Paper No. 6-2
Presentation Time: 8:00 AM-12:00 PM
MULTIPLE FORMS OF BIOIMMURATION IN A CORAL-CRINOID-BRYOZOAN ASSOCIATION FROM THE MIDDLE DEVONIAN ONONDAGA FORMATION OF SOUTHERN ONTARIO
Large, flat-topped favositid tabulate corals are common in biostromal lithofacies of the Middle Devonian Edgecliff Member of the Onondaga Formation near Port Colborne, southernmost Ontario. One such tabulate colony, collected from dark brown, crinoid-rich, mud matrix, is described herein because of several noteworthy paleontological features preserved via overgrowth by the coral. The initial substratum colonized and subsequently overgrown by the favositid is a large solitary rugose coral; several other macrofossils—including other solitary rugosans, a platyceratid gastropod, and three relatively long portions of large-diameter (probably camerate) crinoid columns—were encrusted and incorporated into the base of the coral as it grew outward.

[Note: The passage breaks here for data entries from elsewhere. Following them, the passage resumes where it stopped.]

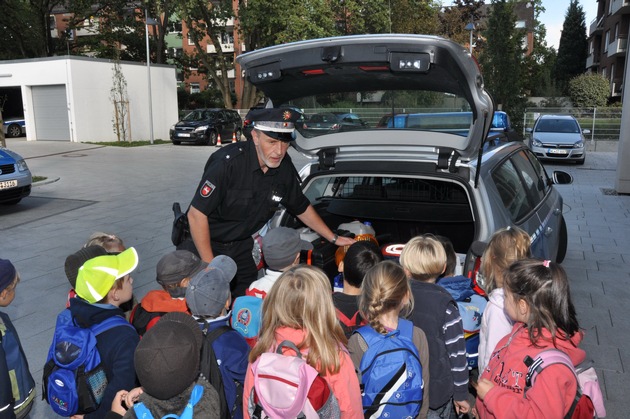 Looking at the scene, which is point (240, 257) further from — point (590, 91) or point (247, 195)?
point (590, 91)

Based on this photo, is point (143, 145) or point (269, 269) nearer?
point (269, 269)

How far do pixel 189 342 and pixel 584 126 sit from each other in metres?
24.9

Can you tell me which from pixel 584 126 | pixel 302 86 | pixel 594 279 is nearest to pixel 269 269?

The crinoid columns, which likely represent portions of robust, recumbent dististelar attachment structures, are otherwise known almost entirely from isolated columnals at the collection locality and similar high-energy biostromal lithofacies in the Edgecliff Member elsewhere. One of the crinoid columns is encrusted by a laminar stenolaemate bryozoan containing several examples of the parasitic bioclaustration structure Catellocaula. Hence, the composite coral-crinoid-bryozoan association contains two forms of bioimmuration: preservation of the relatively intact crinoid columns via overgrowth (i.e., substratum bioimmuration) and preservation of the outline of the Catellocaula-forming organism, potentially an ascidian tunicate, via embedment in the bryozoan skeleton (i.e., bioclaustration). This specimen therefore represents an example of how bioimmuration by colonial organisms can improve the preservational quality of well-mineralized multi-element macrofossils in high-energy settings as well as foster moldic preservation of soft-bodied organisms.